Entre as propostas, os deputados estudam uma medida que permitiria que os trabalhadores estrangeiros mantivessem outros passaportes além do alemão - atualmente impossível para cidadãos de fora da UE.

“A Alemanha terá falta de 7 milhões de trabalhadores até 2035 se não fizermos algo”, advertiu recentemente o ministro do Trabalho, Hubertus Heil. “E isso pode acabar sendo um verdadeiro freio ao nosso crescimento econômico.”

Na semana passada, Heil anunciou que ele e a ministra das Relações Exteriores, Annalena Baerbock, planejam uma viagem para o Brasil em junho para contratar enfermeiros, área com grande déficit de vagas nos hospitais alemães. Os dois países firmaram um acordo de cooperação técnica em julho de 2022, possibilitando o recrutamento de profissionais da saúde.

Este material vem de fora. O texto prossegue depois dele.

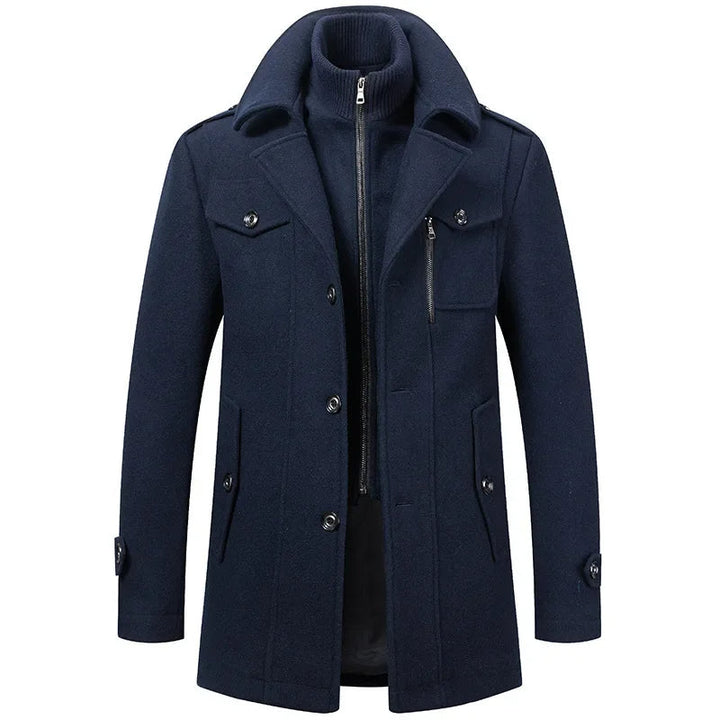 Timeless Two-Piece Coat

Pelo acordo, não é necessário falar alemão para participar do processo seletivo, já que o contratante cobre os custos com o curso para aprender o idioma e ainda oferece uma bolsa de € 500 (R$ 2.700) durante a formação. O salário oferecido para assistente de enfermagem é de € 2.600 (R$ 14.000) por mês.

O drama ainda é maior na indústria. Três quartos das empresas da cadeia de fornecimento para indústria automotiva e 40% das empresas nos setores digital e elétrico da Alemanha estão tendo problemas para preencher cargos, com a indústria de semicondutores sendo especialmente afetada.

O déficit na fortíssima indústria do país é agravado com as recentes ondas de aposentadoria de engenheiros alemães, que não estão sendo proporcionalmente repostos. As indústrias alemãs são rígidas nas exigências para contratar estrangeiros, em especial com o domínio do idioma.

“A qualificação é um processo lento, leva décadas”, adverte Gala, da FGV, reforçando a necessidade de os dois países terem que recorrer a mão-de-obra estrangeira enquanto não revertem o déficit na formação de trabalhadores qualificados.